So you are now fully equipped to choose exactly the right silicone product for your purpose, and you are champing at the bit to get started. So lets look at how to do that.

I’m not going to go into the entire multifaceted sculpting and mould-making process here, it would take me six months, and there are already a lot of fabulous resources out there…. (see post on My Makeup Books) what we ARE going to look at now  is the actual silicone itself and what you need to do to end up with a usable product at the end.

There are several things to do before you even open the product.

FIRST, make sure your workroom, tools and materials are neither too cold, nor too hot   This, I understand, can be tricky…. but especially in your first few attempts with silicone, it will make the process much smoother and increase your chances of success.  (All Technical Data sheets list the estimated geltime and total curing time of your product, at an ideal working temp of around 24C (about 75F).)
Wait a minute- chances?  You mean this isnt a guaranteed, easy peasy, smooth as pie process?  Weeeelllll…. technically, yes, it could be, as long as you follow the instructions perfectly and work in optimum conditions. But Im not going to lie to you- there are many things that can go amiss if you aren’t careful, and sometimes, even if you are…

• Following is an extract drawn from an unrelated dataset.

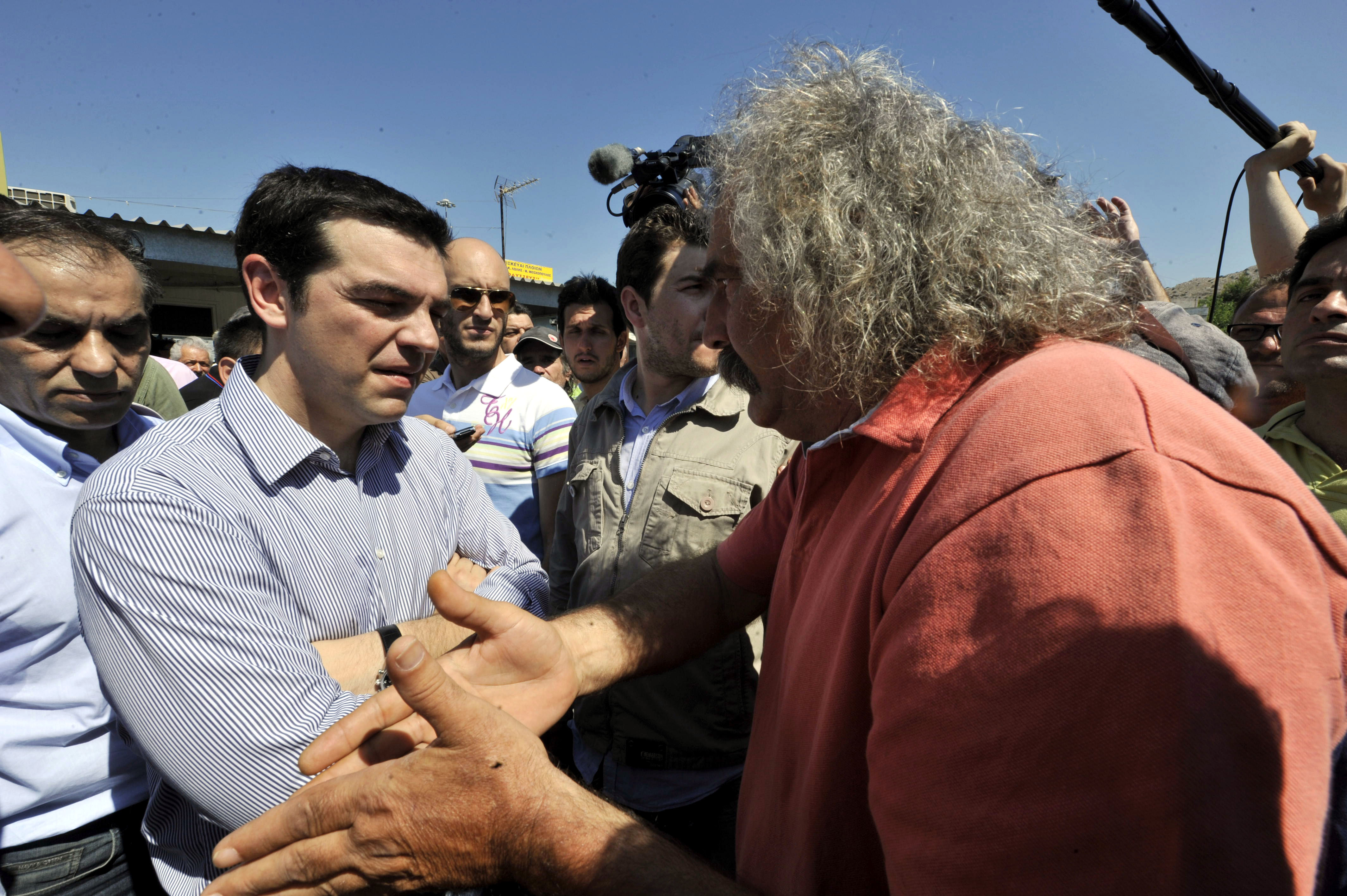 Τσίπρας: «ΣΥΡΙΖΑ ή κοινωνική καταστροφή»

SECOND, assemble your tools and materials.  You will need to make sure your materials and workspace are clean, and all components are compatible with the silicone of your choice- remember your list of inhibitors.  You really need to have an accurate electric scale measuring by the gram for working with silicones, plus a pocket scale that measures by 0.1 grams, especially if you are making prosthetics and the likes that use only small amounts… (see The How and Why of Silicone (Part 2) for some good pocket scales).  Dont forget the calculator and a notebook to write things down- NEVER assume you will remember it all.  Also, you will need to make sure you have CLEAN CONTAINERS. Never try and skimp on this… as my 16 yr old observed, recycling isnt a large part of Special Effects, and although we can re-use some things, it pays to be scrupulous when working with something as fussy and expensive as silicone.  You can save a container you have used for the same silicone before and remove the old cured mix, but if there are uncured parts you are best to dispose of them and start again. Some cardboard cups contain wax that can inhibit some silicones. Clean paper cups, plastic containers or foodgrade plastic buckets are best.
THIRD, it goes without saying that you should ALWAYS test your materials before starting your project.  It also goes without saying that most people simply don’t bother….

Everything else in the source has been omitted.